Callaway acquired Topgolf in 2021 as an opportunity to reach new potential golf customers. At the time of the $2 billion deal, Topgolf had 63 open-air U.S. venues and was swinging for international growth through franchise agreements and new development.

As two independent companies, Callaway and Topgolf are expected to perform better financially with optimized capital allocation, simplified operating structure and a distinct investment thesis for each entity.

Callaway, which has the No. 1 U.S. market position for branded golf clubs and the No. 2 market position for branded golf balls, plans to reinvest in growing its market-leading positions once the split is complete.

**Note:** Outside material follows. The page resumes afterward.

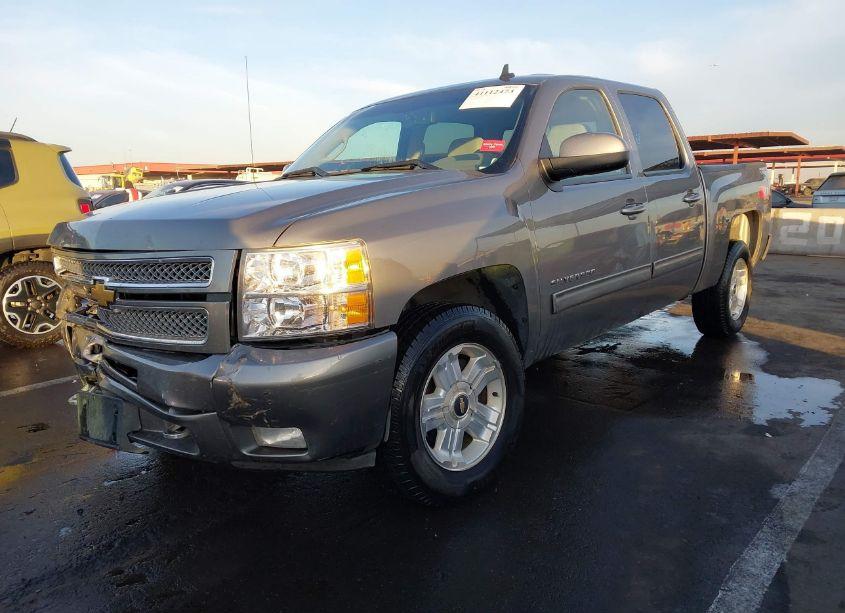 Photo 2 of 2013 Chevrolet Silverado 1500 LT (VIN 3GCPKSE70DG109456)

In the separation, Callaway is expected to retain all existing Topgolf Callaway Brands' financial debt, including the term loan and the convertible notes. Meanwhile, Topgolf will retain its venue financing obligations but will have no financial debt.

Upon separation, Callaway will continue to be led by Brewer, with Topgolf's business continuing to be led by Topgolf CEO Artie Starrs.

Topgolf Callaway's management team and its advisers are also considering other options outside of a Topgolf spinoff, but the company's management team said this week the separation path is the most likely outcome.

For the record

Topgolf Callaway's financial advisers are Goldman Sachs and Centerview Partners. Latham & Watkins is serving as the company's legal counsel.